Liked the way the golden ratio was explained. And i didn't know before that even fishes should be in the golden ratio to achieve a better looking photo. Always thought as long as they school its a good photo.

----------


## blue33

> It is a good Iwagumi workshop conducted by ADA sg. Much much much better from another plant talk I attended. I guess Blue33 and Shadow knows what I am talking about. 
> 
> The presentation is short yet comprehensive. In addition, there is no promoting of ADA products. The products are placed within the showroom for interested parties to view and the discount from Acro-Asia is tempting..
> 
> Blue33
> Nice to hear you share about tank setup and maintainance. Maybe next time ask ADA sg to allocate some time so you can share with everyone. 
> 
> Nice meeting everyone despite only knowing a few names Blue33, Shadow and ADA sg.


Nice meeting you guys also, learn alot from this workshop and gladed to hear and learn new things from this trip. Is really an eye opening workshop.  :Well done:  Looking forward more for such workshop. Thanks ADA SG for organizing this wonderful workshop.

I'm just sharing my experience from the mistake i've learn and hopefully others would benefit it also.  :Smile:

----------


## blue33

I was talking to Thio and some guys here about fortnightly or monthly gathering on Biotope and share the view on planted tank and learn from each other, whether you're the pro or the beginner there's no barrier, also how to achieve ADA style of creating a more natural tank that everyone wants to have(i mean the style not the product yet  :Grin: ).

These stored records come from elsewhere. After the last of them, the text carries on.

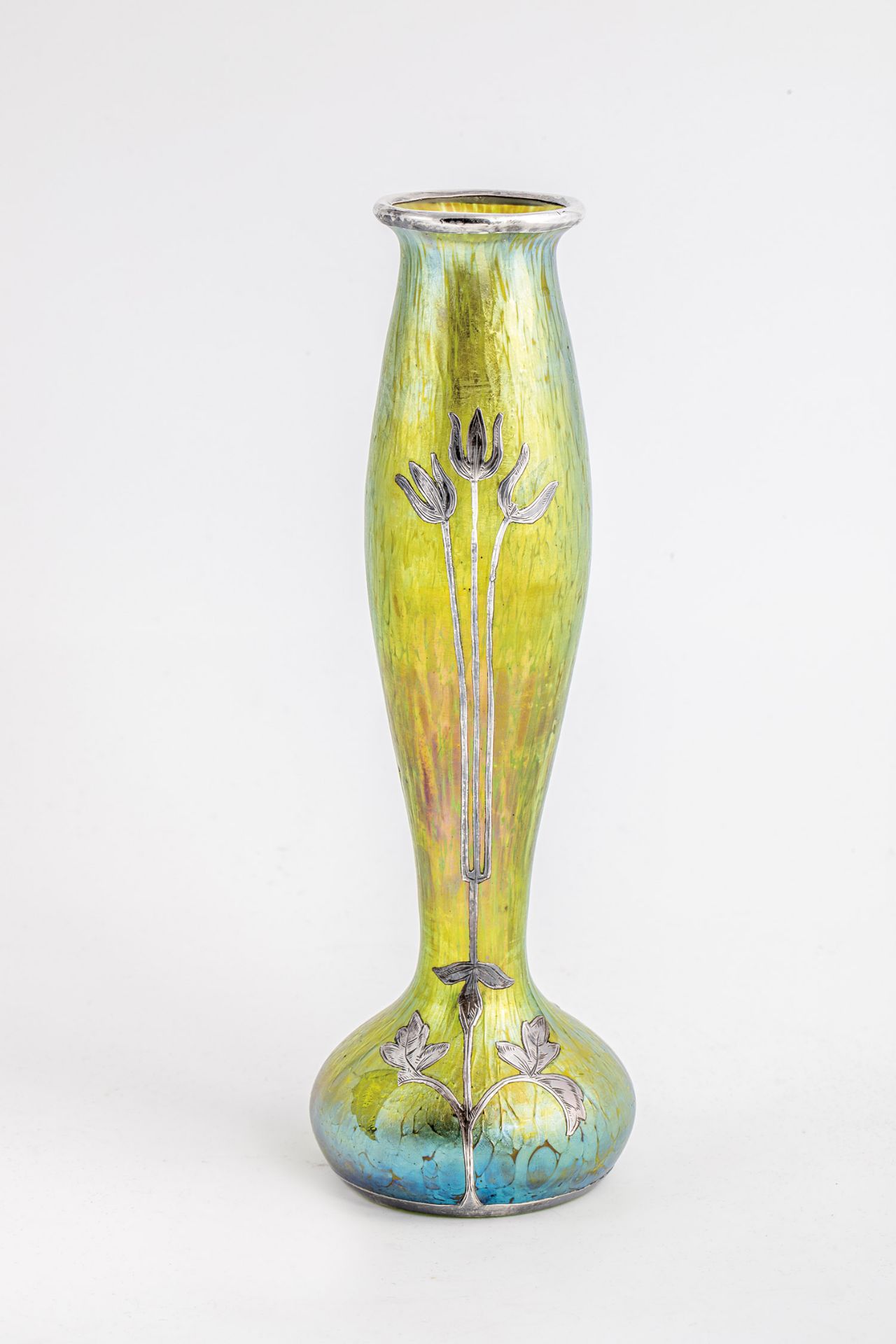 Long-necked vase Loetz Wwe., monastery mill, ca. 1900 Green glass with dense crumb melting in silver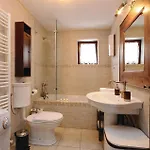 3 Bedroom Beautiful In Lisicic * Lisicici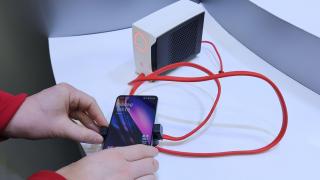 MWC 2023: OnePlus Liquid Cooler răceşte şi cel mai fierbinte telefon în doar 15 secunde (Video)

We were talking about my trip to Hong Kong on how they have this soil playground thing and we can set up a small one in Thio shop for everyone to play around and to have fun, you can bring your rocks/woods over or from the shop itself and we can have volunteer the day itself to give advice on the setup. We can use digital camera to take the shots and put it in computer to see how it'll look like or even superimposed plant into the setup to see how it can look like. Rocks/woods playground example.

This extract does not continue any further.